● **Work required**: Output only the lines below that start at the line containing "穿得像古代基督教信徒的人图片素材" and end at the line containing "Jordan 11 Retro", with both ends kept.

● **Material for the task**:
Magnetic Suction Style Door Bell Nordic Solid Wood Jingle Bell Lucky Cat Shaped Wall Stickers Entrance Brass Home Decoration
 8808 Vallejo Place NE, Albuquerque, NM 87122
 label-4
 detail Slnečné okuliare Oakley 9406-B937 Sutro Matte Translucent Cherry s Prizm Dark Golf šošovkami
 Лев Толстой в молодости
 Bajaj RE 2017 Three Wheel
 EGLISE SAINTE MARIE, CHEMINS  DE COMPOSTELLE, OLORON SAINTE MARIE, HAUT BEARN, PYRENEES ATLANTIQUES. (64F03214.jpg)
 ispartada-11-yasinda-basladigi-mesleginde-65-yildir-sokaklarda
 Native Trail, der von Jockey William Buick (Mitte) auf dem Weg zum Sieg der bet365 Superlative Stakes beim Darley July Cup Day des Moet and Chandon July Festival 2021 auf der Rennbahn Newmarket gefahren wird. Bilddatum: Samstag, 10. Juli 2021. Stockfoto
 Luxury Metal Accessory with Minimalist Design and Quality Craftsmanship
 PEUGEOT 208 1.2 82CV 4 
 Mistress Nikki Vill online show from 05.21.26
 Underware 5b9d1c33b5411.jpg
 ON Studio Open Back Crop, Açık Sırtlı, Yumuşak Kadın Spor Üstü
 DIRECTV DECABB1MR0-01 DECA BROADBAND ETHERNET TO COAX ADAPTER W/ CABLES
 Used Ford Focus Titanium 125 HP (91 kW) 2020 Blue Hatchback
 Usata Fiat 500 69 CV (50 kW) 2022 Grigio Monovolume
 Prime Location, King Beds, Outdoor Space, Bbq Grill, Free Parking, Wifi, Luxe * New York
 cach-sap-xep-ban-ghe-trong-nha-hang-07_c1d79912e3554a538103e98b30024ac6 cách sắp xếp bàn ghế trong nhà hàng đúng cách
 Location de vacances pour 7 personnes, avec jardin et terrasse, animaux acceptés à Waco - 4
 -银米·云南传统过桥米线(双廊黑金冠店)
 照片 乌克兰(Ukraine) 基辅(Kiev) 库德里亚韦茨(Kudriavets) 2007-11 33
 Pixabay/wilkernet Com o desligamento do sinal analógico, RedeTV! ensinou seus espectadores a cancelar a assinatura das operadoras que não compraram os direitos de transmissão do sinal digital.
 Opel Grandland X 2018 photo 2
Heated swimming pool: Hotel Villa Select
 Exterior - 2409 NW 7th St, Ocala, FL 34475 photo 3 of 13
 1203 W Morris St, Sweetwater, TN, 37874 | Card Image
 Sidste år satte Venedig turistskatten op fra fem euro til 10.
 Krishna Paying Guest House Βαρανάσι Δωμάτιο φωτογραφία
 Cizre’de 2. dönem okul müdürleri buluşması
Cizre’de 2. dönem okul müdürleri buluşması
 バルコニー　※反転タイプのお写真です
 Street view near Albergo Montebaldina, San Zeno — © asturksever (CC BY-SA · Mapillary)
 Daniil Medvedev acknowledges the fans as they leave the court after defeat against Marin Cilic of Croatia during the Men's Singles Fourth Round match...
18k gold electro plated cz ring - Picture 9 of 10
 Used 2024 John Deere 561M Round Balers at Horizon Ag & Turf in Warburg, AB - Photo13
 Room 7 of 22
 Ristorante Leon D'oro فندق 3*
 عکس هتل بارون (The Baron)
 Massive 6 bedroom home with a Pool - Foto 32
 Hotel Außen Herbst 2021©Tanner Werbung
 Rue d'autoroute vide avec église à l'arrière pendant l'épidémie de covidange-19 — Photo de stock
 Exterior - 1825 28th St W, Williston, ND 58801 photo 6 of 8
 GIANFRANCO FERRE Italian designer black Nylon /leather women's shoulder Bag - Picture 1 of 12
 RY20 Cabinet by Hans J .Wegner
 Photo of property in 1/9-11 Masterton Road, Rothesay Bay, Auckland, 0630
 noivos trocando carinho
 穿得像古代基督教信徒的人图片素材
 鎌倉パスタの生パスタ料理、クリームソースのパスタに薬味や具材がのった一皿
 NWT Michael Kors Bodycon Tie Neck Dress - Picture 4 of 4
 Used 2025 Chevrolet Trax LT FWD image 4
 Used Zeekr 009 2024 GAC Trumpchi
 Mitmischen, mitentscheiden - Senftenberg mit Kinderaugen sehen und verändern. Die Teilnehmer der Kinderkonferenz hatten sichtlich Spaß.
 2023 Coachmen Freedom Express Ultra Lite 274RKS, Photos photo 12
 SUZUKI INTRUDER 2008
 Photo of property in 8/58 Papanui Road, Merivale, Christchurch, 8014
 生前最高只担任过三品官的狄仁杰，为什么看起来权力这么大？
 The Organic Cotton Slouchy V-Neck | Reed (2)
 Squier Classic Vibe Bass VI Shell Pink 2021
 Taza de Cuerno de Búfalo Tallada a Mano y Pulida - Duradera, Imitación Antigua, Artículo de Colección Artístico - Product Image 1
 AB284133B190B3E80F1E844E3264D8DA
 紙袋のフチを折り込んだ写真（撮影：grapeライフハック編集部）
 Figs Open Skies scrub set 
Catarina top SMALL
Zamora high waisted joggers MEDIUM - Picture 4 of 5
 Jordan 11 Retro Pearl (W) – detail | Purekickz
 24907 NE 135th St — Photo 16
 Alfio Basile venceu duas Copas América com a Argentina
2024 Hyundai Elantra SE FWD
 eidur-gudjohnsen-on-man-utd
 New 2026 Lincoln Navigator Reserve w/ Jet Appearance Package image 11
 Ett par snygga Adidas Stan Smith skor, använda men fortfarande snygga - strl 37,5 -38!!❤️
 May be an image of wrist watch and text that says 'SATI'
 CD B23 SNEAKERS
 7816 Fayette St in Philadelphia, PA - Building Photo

● **Response for this exercise**:
 穿得像古代基督教信徒的人图片素材
 鎌倉パスタの生パスタ料理、クリームソースのパスタに薬味や具材がのった一皿
 NWT Michael Kors Bodycon Tie Neck Dress - Picture 4 of 4
 Used 2025 Chevrolet Trax LT FWD image 4
 Used Zeekr 009 2024 GAC Trumpchi
 Mitmischen, mitentscheiden - Senftenberg mit Kinderaugen sehen und verändern. Die Teilnehmer der Kinderkonferenz hatten sichtlich Spaß.
 2023 Coachmen Freedom Express Ultra Lite 274RKS, Photos photo 12
 SUZUKI INTRUDER 2008
 Photo of property in 8/58 Papanui Road, Merivale, Christchurch, 8014
 生前最高只担任过三品官的狄仁杰，为什么看起来权力这么大？
 The Organic Cotton Slouchy V-Neck | Reed (2)
 Squier Classic Vibe Bass VI Shell Pink 2021
 Taza de Cuerno de Búfalo Tallada a Mano y Pulida - Duradera, Imitación Antigua, Artículo de Colección Artístico - Product Image 1
 AB284133B190B3E80F1E844E3264D8DA
 紙袋のフチを折り込んだ写真（撮影：grapeライフハック編集部）
 Figs Open Skies scrub set 
Catarina top SMALL
Zamora high waisted joggers MEDIUM - Picture 4 of 5
 Jordan 11 Retro Pearl (W) – detail | Purekickz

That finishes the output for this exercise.